Si tú vinieras, Platero. con los demás
niños, a la miga, aprenderías el a, b,
c, y escribirías palotes. Sabrías tanto como el burro de las Figuras de cera
—el amigo de la Sirenita
del Mar, que aparece coronado de flores de trapo, por el cristal que muestra a
ella, rosa toda, carne y oro, en su verde elemento—; más que el médico y el
cura de Palos, Platero.
Pero, aunque no tienes más que cuatro
años, ¡ eres tan grandote y tan poco
fino ! ¿En qué sillita te ibas a sentar tú, en qué mesa ibas tú a escribir, qué
cartilla ni qué pluma te bastarían, en qué lugar del corro ibas a cantar, di,
el Credo?
No. Doña Domitila —de hábito de Padre
Jesús Nazareno, morado todo con el cordón amarillo, igual que Reyes, el
besuguero— te tendría, a lo mejor, dos horas de rodillas en un rincón del patio
de los plátanos, o te daría con su larga caña seca en las manos, o se comería
la carne de membrillo de tu merienda, o te pondría un papel ardiendo bajo el
rabo y tan coloradas y tan calientes las orejas como se le ponen al hijo del
aperador cuando va a llover...
No, Platero, no.
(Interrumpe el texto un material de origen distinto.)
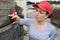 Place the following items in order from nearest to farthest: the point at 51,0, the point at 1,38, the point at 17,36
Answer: the point at 1,38 < the point at 17,36 < the point at 51,0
Vente tú conmigo. Yo
te enseñaré las flores y las estrellas. Y no se reirán de ti como de un niño
torpón, ni te pondrán, cual si fueras lo que ellos llaman un burro, el gorro de
los ojos grandes ribeteados de añil y almagra, como los de las barcas del río,
con dos orejas dobles que las tuyas.